Надо отметить, что Агриппина Павловна была весьма героической женщиной. Она воспитывала Ричарда лет с одиннадцати, заботилась о нем и фактически заменила ему мать. Долго она сопротивлялась их союзу, считая Яну особой взбалмошной и ненадежной, но потом все же приняла. Маленький Вова растопил последние льдинки в ее сердце, и когда брак Яны и Ричарда распался, женщина с жертвенной готовностью последовала за Яной с сыном, посчитав, что им она нужнее, чем сорокалетнему Ричарду. Чего ей стоил такой поступок, знала только она одна, но Яна ценила его и очень любила Агриппину Павловну. Яна знала, что домоправительница в глубине души надеется на то, что ее союз с Ричардом восстановится, и очень жалела Агриппину Павловну, так как чувствовала, что исполнение ее мечты вряд ли возможно. Ведь уже давно ее душу пожирал огонь любви совсем к другому человеку, и ей было все равно, есть ли у него титул, замок и деньги, ей был нужен Карл, и только он. Казалось, что ее карма совпала с кармой этого человека, что они как бы специально вознаграждены в этой жизни за что-то и рождены друг для друга.
Обстановка в комнате Яны была соответствующей: розовые шторы, тюль цвета снега в красное сердечко, широченная кровать под розовым покрывалом с золотыми кисточками, огромное трюмо, заставленное всевозможными баночками, скляночками, духами в пузырьках. Одних помад в красивых тюбиках валялось здесь штук двадцать.

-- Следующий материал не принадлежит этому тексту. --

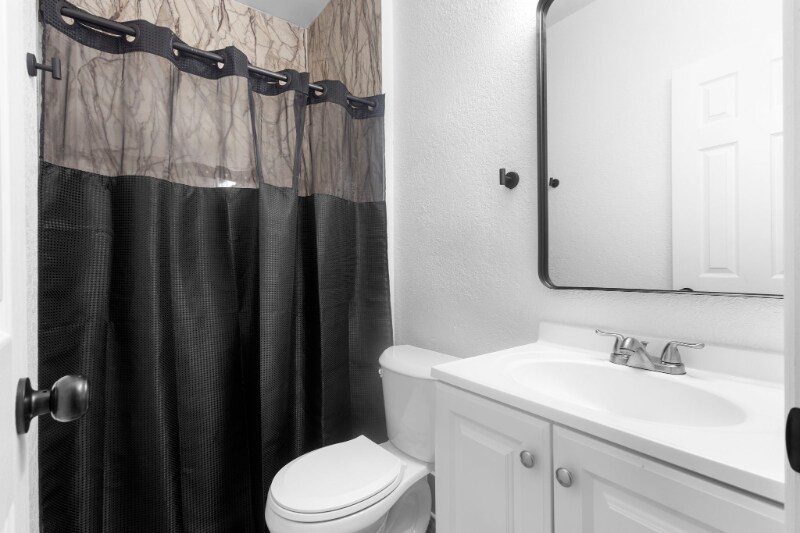 Building Photo - 518 N Ohio Ave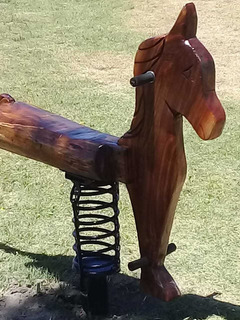 caballo de juguete con resortes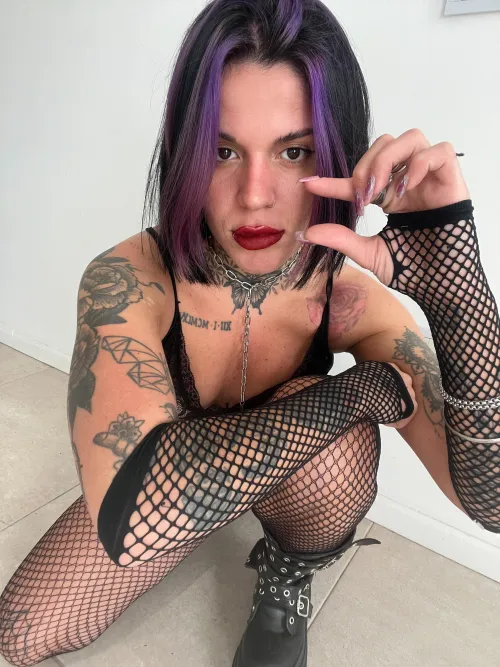 En serio crees que puedes impresionar a alguien? by girlytattoo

Большой зеркальный шкаф с раздвижными дверями не вмещал и малой толики вещей, что были у Яны. Груды ее яркой одежды хранились также и в коттедже Ричарда. Некоторые вещи так и остались ненадеванными, а просто с этикетками складывались в шкаф. Иногда Яна с удивлением находила ту или иную одежду в своем гардеробе и не могла вспомнить, по какому случаю и где она ее приобрела. Иногда Цветкову одолевало желание освободить недра шкафа от ненужных вещей, и она охапками раздавала их направо и налево друзьям, знакомым и коллегам по работе. Правда, не всем подходил размер — Яна, напомним, была худой и высокой, — и женщины брали одежду своим дочкам. Вот так во всем Яна была небережливая и какая-то непутевая. Не готовила, не шила, не вязала, не вела хозяйство в нормальном понимании этого слова. Была занята работой и ввязывалась во всякие странные дела, частенько с криминальной подоплекой, причем такие дела как бы сами находили ее. Она постоянно помогала чужим людям, решала их личные проблемы и бытовые споры.

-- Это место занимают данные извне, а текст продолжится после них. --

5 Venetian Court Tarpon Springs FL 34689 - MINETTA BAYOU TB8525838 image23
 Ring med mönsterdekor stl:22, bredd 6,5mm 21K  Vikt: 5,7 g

Придя в свою комнату, Яна разделась, облачилась в широкую розовую шелковую пижаму и легла в постель.
Агриппина Павловна осторожно приоткрыла дверь и снова повторила вопрос:
— Кушать будешь?
Готовила она как профессиональный повар, а уж по части выпечки домоправительнице впору было вручать Нобелевскую премию. В большинстве своем забота этой немногословной и грубоватой женщины по отношению к другим людям сводилась к тому, чтобы посытнее и повкуснее накормить их.

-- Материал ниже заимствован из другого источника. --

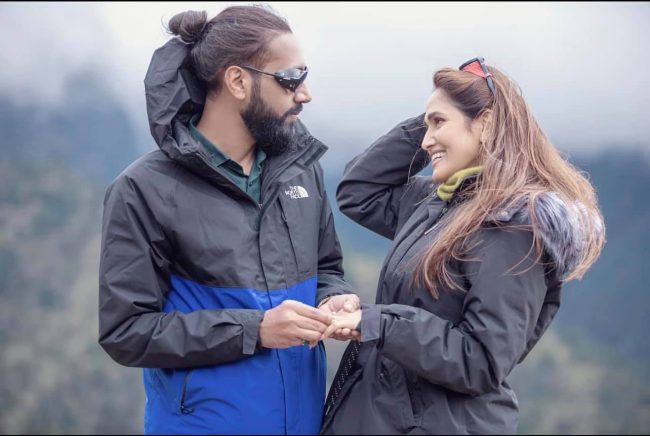 गायिका इन्दिरा जोशीसँग इंगेज्मेन्ट गर्ने को हुन् शरद केडिया ?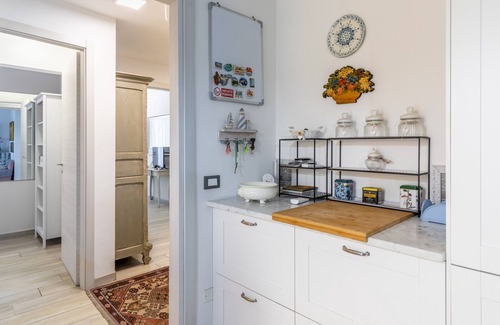 Marina di Carrara Apartment | Apartment 'Brezza Marina' with Sea View, Wi-Fi and Air Conditioning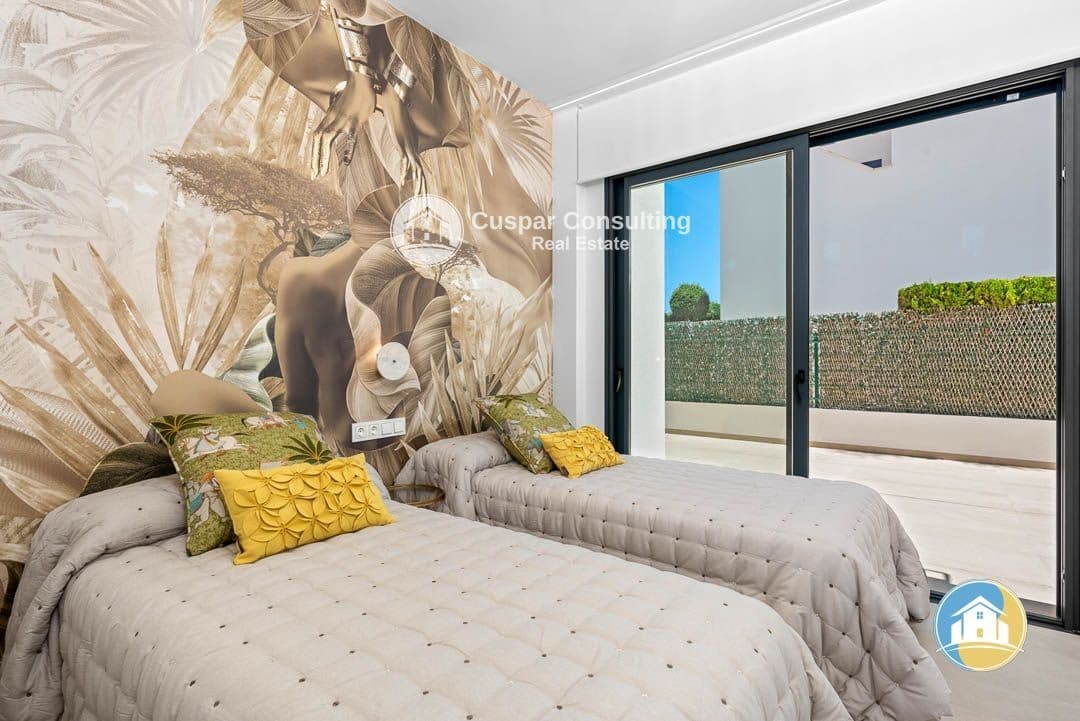 3 quarto Moradia para venda em Dehesa de Campoamor com piscina garagem - 860 000 € (Ref: 8555958)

— Сытый, значит, уже не помрет, — говорила Агриппина Павловна, и поспорить с ней было сложно.
Яне постоянно приходилось впихивать через силу в себя всевозможные плюшки, булочки и ватрушки. Сама природа сжалилась над ней, и, несмотря на поглощение огромного количества пищи, содержавшей углеводы, она оставалась худой, как спица. Отказаться от приготовленных Агриппиной Павловной кушаний было равносильно оскорблению, но на сей раз Яна на такое осмелилась.
— Чай? Кофе? — с угрозой в голосе спросила Агриппина Павловна.
— Нет, ничего не хочу, — ответила Яна и отвернулась к стенке.
Агриппина Павловна ушла, весьма озадаченная, но через час повторила свою попытку накормить или напоить Яну. Та лежала с совершенно отсутствующим взглядом и отказывалась от всего.